Collected data entries

****************

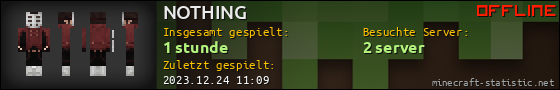 Benutzerleisten 560x90 für NOTHING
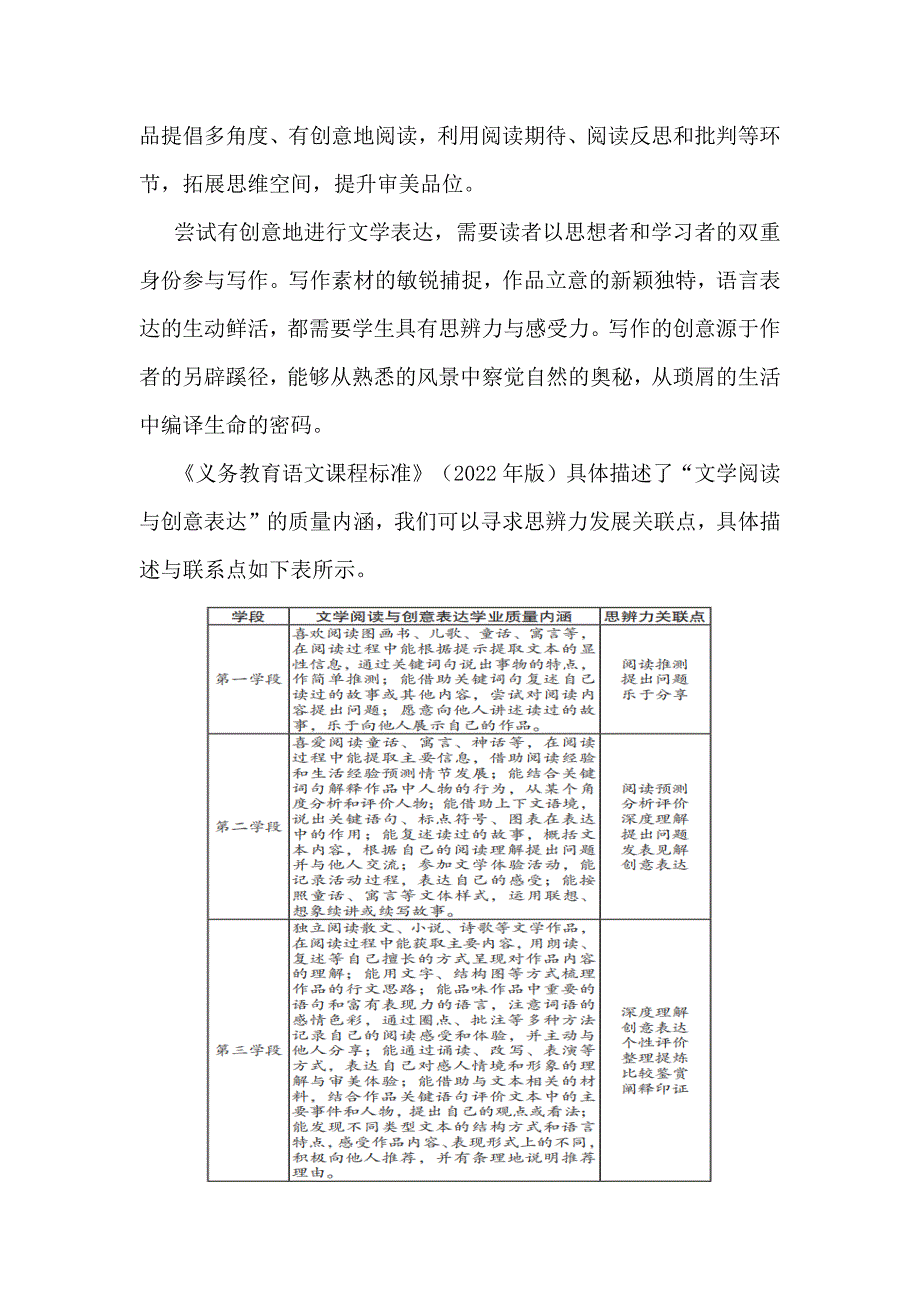 语文新课标背景下：“文学阅读与创意表达”深度学习路径.docx_第2页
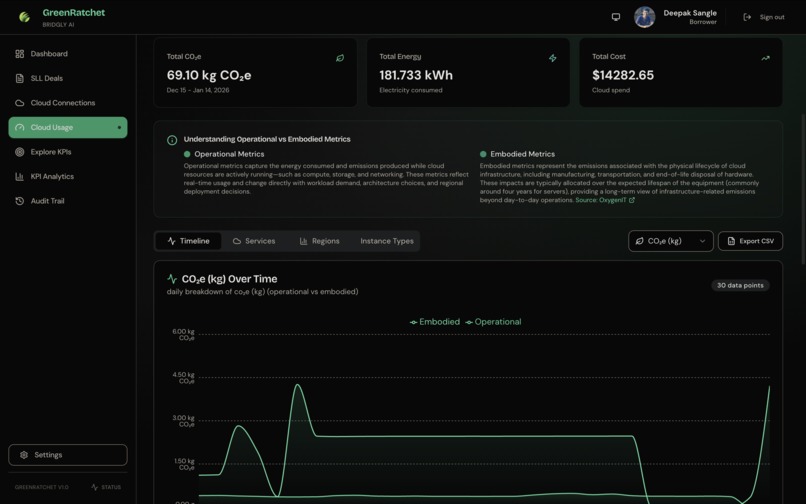 GreenRatchet – screenshot 4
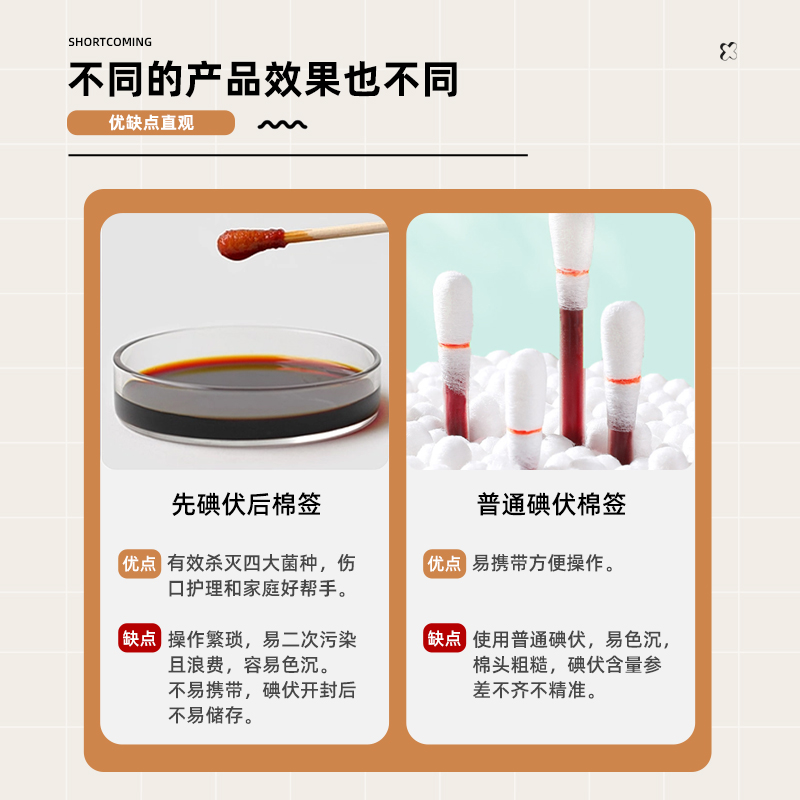 麦里碘伏棉签婴儿新生消毒棉棒一次性杀菌便携肚脐皮肤消毒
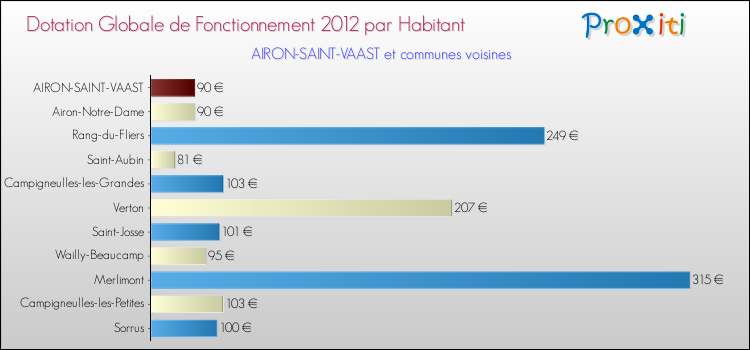 Montant des dotations globales de fonctionnement DGF par Habitant pour AIRON-SAINT-VAAST et les communes proches Comparaison des des dotations globales de fonctionnement DGF par habitant pour AIRON-SAINT-VAAST et les communes voisines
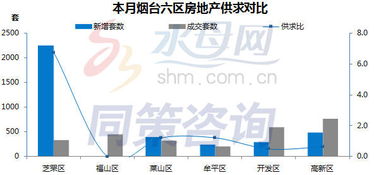 煙臺(tái)房地產(chǎn)開發(fā)與經(jīng)營運(yùn)營數(shù)據(jù)分析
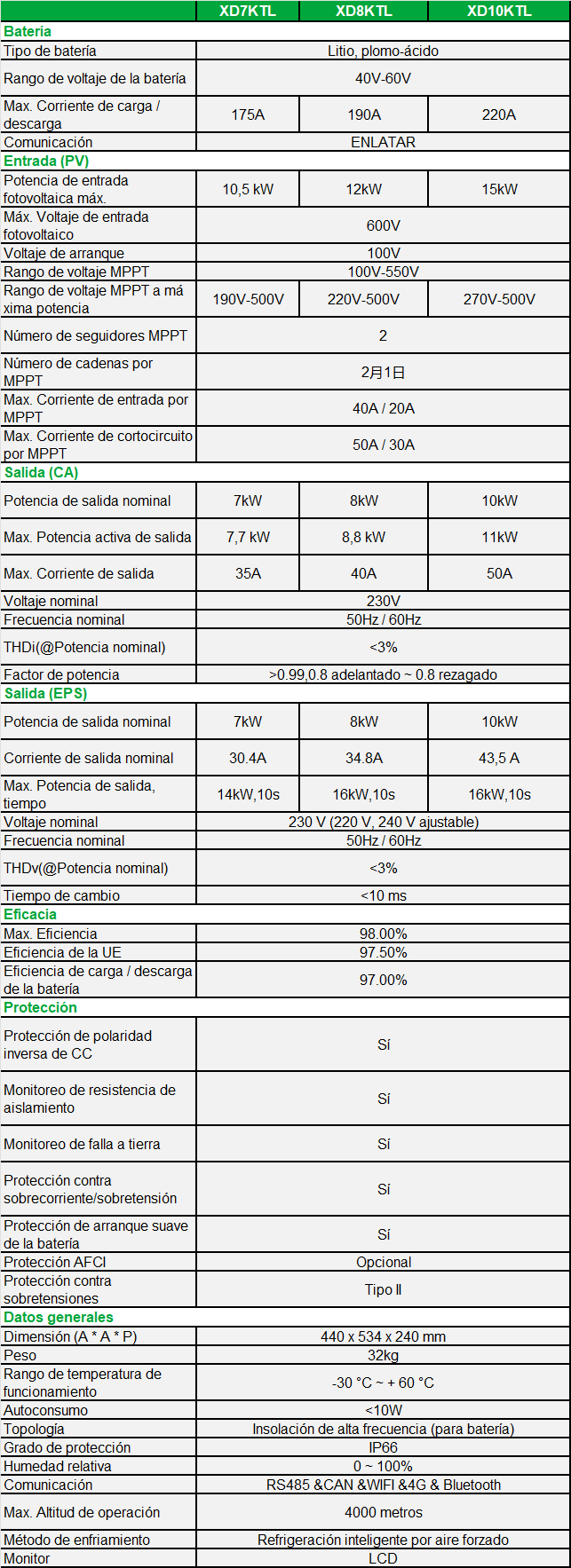XD7-10KTL-spec-es.png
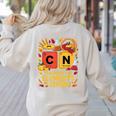 Thanksgiving 67 Meme Science Teacher Periodic Table Women Women's Sweatshirt Back Print Sand Thanksgiving 67 Meme Science Teacher Periodic Table Women Women's Sweatshirt Back Print Sand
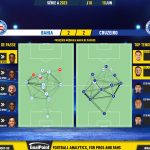 GoalPoint-2023-06-10-Bahia-Cruzeiro-Brazilian-Serie-A-2023-pass-network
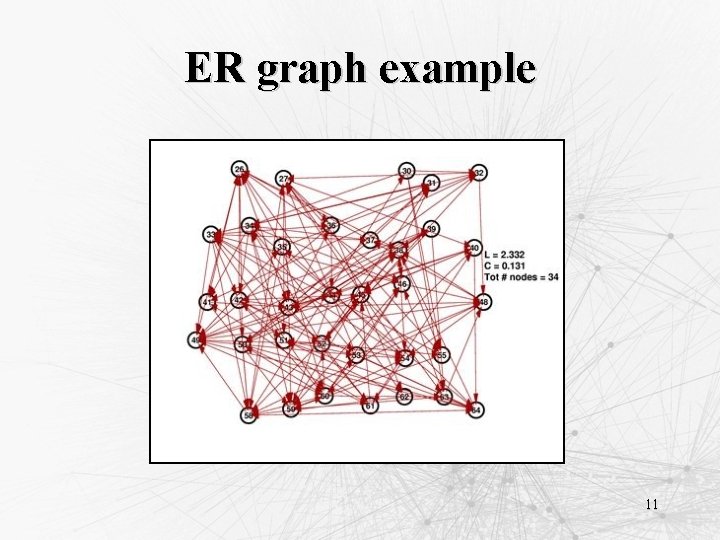 ER graph example 11 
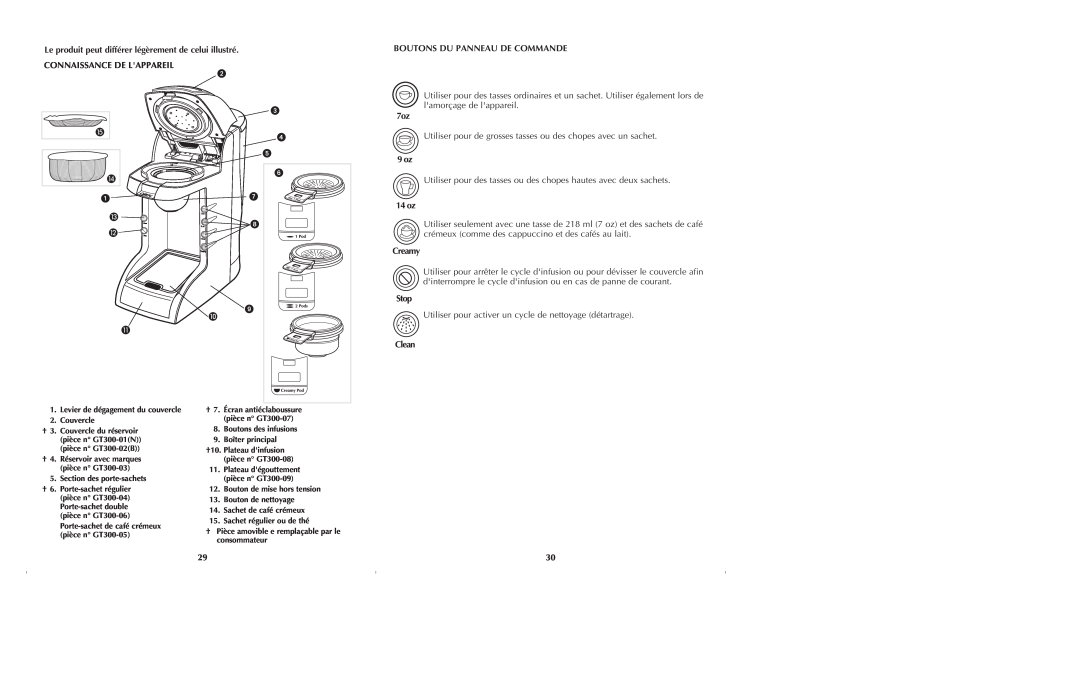 Black & Decker GT305. GT320 manual Connaissance De Lappareil, Boutons Du Panneau De Commande, †3. Couvercle du réservoir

****************

Give the lines again exactly, beginning with the first line of the records above and ending with the line that contains "Montant des dotations", and include no pictures.

 Benutzerleisten 560x90 für NOTHING
 语文新课标背景下：“文学阅读与创意表达”深度学习路径.docx_第2页
 GreenRatchet – screenshot 4
 麦里碘伏棉签婴儿新生消毒棉棒一次性杀菌便携肚脐皮肤消毒
 Montant des dotations globales de fonctionnement DGF par Habitant pour AIRON-SAINT-VAAST et les communes proches Comparaison des des dotations globales de fonctionnement DGF par habitant pour AIRON-SAINT-VAAST et les communes voisines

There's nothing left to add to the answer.